Istio metrics collection begins with the sidecar proxies (Envoy). Each proxy generates a rich set of metrics about all traffic passing through the proxy (both inbound and outbound). The proxies also provide detailed statistics about the administrative functions of the proxy itself, including configuration and health information.

Envoy-generated metrics provide monitoring of the mesh at the granularity of Envoy resources (such as listeners and clusters). As a result, understanding the connection between mesh services and Envoy resources is required for monitoring the Envoy metrics.

Istio enables operators to select which of the Envoy metrics are generated and collected at each workload instance. By default, Istio enables only a small subset of the Envoy-generated statistics to avoid overwhelming metrics backends and to reduce the CPU overhead associated with metrics collection. However, operators can easily expand the set of collected proxy metrics when required. This enables targeted debugging of networking behavior, while reducing the overall cost of monitoring across the mesh.

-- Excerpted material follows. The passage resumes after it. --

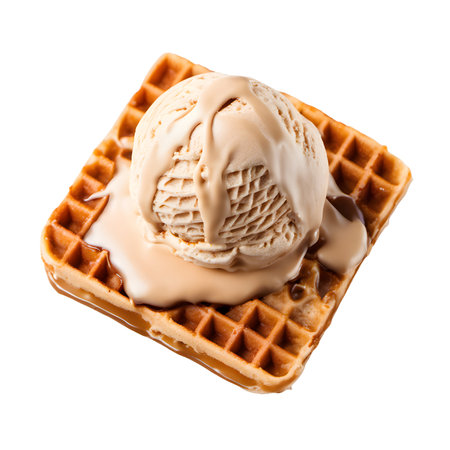 Homemade chocolate Ice cream scoop on Waffle bread with topped with caramel cream isolated on white backgroundの素材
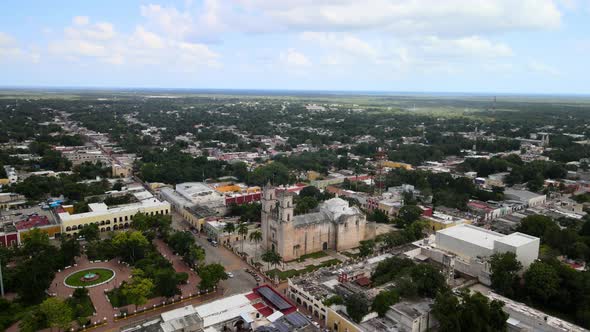 Aerial shot of main park in valladolid Mexico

The Envoy documentation site includes a detailed overview of Envoy statistics collection. The operations guide on Envoy Statistics provides more information on controlling the generation of proxy-level metrics.

Example proxy-level Metrics:

  1. envoy_cluster_internal_upstream_rq{response_code_class="2xx",cluster_name="xds-grpc"} 7163
  2. envoy_cluster_upstream_rq_completed{cluster_name="xds-grpc"} 7164
  3. envoy_cluster_ssl_connection_error{cluster_name="xds-grpc"} 0
  4. envoy_cluster_lb_subsets_removed{cluster_name="xds-grpc"} 0
  5. envoy_cluster_internal_upstream_rq{response_code="503",cluster_name="xds-grpc"} 1

Service-level metrics

In addition to the proxy-level metrics, Istio provides a set of service-oriented metrics for monitoring service communications. These metrics cover the four basic service monitoring needs: latency, traffic, errors, and saturation. Istio ships with a default set of dashboards for monitoring service behaviors based on these metrics.

The standard Istio metrics are exported to Prometheus by default.

Use of the service-level metrics is entirely optional. Operators may choose to turn off generation and collection of these metrics to meet their individual needs.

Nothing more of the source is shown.